**WHAT IS EXPECTED**
For the listing that follows, give again exactly the lines from the one with "Photograph from a" to the one with "New 2026 Toyota", including both.
--- START ---
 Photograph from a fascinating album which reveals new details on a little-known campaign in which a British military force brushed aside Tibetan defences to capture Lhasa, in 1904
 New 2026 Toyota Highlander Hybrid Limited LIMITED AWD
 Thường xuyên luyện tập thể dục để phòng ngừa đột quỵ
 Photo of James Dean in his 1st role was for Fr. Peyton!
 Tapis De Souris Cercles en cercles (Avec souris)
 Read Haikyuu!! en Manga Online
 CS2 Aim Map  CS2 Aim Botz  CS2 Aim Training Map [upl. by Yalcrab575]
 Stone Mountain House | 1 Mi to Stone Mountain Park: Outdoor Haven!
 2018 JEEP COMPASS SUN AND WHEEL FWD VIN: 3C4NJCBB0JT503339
--- END ---
--- START ---
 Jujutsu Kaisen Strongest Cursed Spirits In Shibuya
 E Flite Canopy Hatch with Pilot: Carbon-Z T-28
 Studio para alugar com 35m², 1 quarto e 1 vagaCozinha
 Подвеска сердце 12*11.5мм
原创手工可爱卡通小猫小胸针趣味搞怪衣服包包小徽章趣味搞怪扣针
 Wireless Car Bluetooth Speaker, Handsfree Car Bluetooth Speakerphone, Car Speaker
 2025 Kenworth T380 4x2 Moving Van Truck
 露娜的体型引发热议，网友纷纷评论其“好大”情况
--- END ---
**EXERCISE RESULT**
 Photograph from a fascinating album which reveals new details on a little-known campaign in which a British military force brushed aside Tibetan defences to capture Lhasa, in 1904
 New 2026 Toyota Highlander Hybrid Limited LIMITED AWD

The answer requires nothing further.